Despite its modernity and relevance, Taxi Driver is at the same time a unique time capsule carried into 2026 from an America disillusioned by the Watergate scandal and the Vietnam War. It is a portrait of New York City with its high crime and swindlers, a city that nearly went bankrupt in 1975. In just the past quarter century, their own versions of Taxi Driver, looking back at Scorsese’s masterpiece, have been made — by the most modest estimates — by Alexei Balabanov (Brother, 1997), David Fincher (Fight Club, 1999), Niels Mueller (The Assassination of Richard Nixon, 2004), David Jacobson (Down in the Valley, 2005), Jacques Audiard (Dheepan, 2015), Lynne Ramsay (You Were Never Really Here, 2017), Nicolas Winding Refn (Drive, 2011), and Todd Phillips (Joker, 2019). And the lonely psychopath with a savior complex, as the young Robert De Niro appears on screen, has since been attempted by many actors — from Sean Penn and Ryan Gosling to Joaquin Phoenix, who has performed this trick even twice.
Beyond sociopathy, Taxi Driver raises themes of sin, redemption, chosenness, and retribution. How could it have been otherwise if the film was directed by a would-be Catholic priest and written by someone raised in a Calvinist family? «If Travis Bickle lived today, he probably wouldn’t be an Uber driver but rather an incel sitting in the basement of his parents’ house, exploring the dark, misogynistic depths of the internet», reflects Paul Schrader, who wrote the screenplay for this masterpiece fifty years ago. «The word ‘incel’ simply didn’t exist in my time, although such loners, incapable of establishing contact with women, certainly did. Then as now, they were a kind of concentrated resentment, imagining a transcendental transformation through violence».
Schrader grew up among Dutch Calvinists in Michigan and had not seen a single film until the age of seventeen. The image of Travis — a samurai, a psychopath, a racist, a loner — he partly wrote from himself. No, he is not really such a sociopath, and certainly not an incel. A former film critic and protégé of Pauline Kael — at that time the most authoritative voice of The New Yorker — Schrader, at twenty-six, was going through the most difficult period of his life, which ultimately poured itself into Taxi Driver, becoming a form of self-therapy. About ten years ago I happened to meet Schrader in Venice, on the island of Lido. We talked for several hours in the bar of the Hotel Excelsior. Naturally, about Taxi Driver. «You see, I had just lost my job, divorced my wife, the girlfriend for whom I had left my wife had also abandoned me, and suddenly I found myself on the street without a roof over my head. My ex-wife occasionally let me stay in her apartment when she went away on business trips. But most of the time my home was my old battered car. I drove through the night city in it, like in a metal coffin. That went on for a couple of weeks».

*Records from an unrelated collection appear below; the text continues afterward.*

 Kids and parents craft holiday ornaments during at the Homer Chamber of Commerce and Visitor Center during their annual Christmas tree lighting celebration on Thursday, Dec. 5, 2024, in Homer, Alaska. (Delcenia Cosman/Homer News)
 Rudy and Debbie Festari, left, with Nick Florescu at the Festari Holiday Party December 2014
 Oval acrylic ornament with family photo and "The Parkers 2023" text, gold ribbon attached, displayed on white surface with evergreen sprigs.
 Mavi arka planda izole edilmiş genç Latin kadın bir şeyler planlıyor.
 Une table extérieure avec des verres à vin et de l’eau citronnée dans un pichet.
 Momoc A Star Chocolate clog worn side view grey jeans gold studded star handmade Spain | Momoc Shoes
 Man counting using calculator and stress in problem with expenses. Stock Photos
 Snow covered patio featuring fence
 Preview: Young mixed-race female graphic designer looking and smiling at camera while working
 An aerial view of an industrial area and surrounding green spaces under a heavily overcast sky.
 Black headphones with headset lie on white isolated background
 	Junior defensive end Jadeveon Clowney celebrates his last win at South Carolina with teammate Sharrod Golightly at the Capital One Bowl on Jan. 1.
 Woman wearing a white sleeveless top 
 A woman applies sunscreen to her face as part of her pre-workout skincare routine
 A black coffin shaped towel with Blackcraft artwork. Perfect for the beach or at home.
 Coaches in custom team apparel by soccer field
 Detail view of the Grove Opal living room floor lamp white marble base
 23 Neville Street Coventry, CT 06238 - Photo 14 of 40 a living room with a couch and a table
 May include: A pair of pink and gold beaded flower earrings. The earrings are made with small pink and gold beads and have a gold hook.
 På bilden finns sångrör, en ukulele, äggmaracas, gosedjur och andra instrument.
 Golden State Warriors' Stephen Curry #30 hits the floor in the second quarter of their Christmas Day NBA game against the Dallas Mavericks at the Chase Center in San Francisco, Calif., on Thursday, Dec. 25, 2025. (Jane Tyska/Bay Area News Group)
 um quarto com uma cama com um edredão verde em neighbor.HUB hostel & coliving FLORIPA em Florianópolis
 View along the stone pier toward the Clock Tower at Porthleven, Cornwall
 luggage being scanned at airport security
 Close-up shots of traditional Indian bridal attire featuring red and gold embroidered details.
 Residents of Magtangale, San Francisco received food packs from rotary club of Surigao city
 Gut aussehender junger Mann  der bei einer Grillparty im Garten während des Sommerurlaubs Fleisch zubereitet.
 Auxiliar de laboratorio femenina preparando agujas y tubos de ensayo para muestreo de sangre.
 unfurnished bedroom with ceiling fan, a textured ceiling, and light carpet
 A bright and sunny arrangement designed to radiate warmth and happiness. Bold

I sat there, listening in fascination as Schrader described how, just like his hero, he passed the time in the spit-stained New York porn cinemas that operated around the clock. It was there that the future screenwriter of Taxi Driver and several other masterpieces by Martin Scorsese could sleep for a couple of hours, usually choosing the balconies that abounded in the «old porn palaces of New York» for this purpose. «Sometimes people woke me up, but more often than not I managed to get a fairly decent sleep», Schrader says.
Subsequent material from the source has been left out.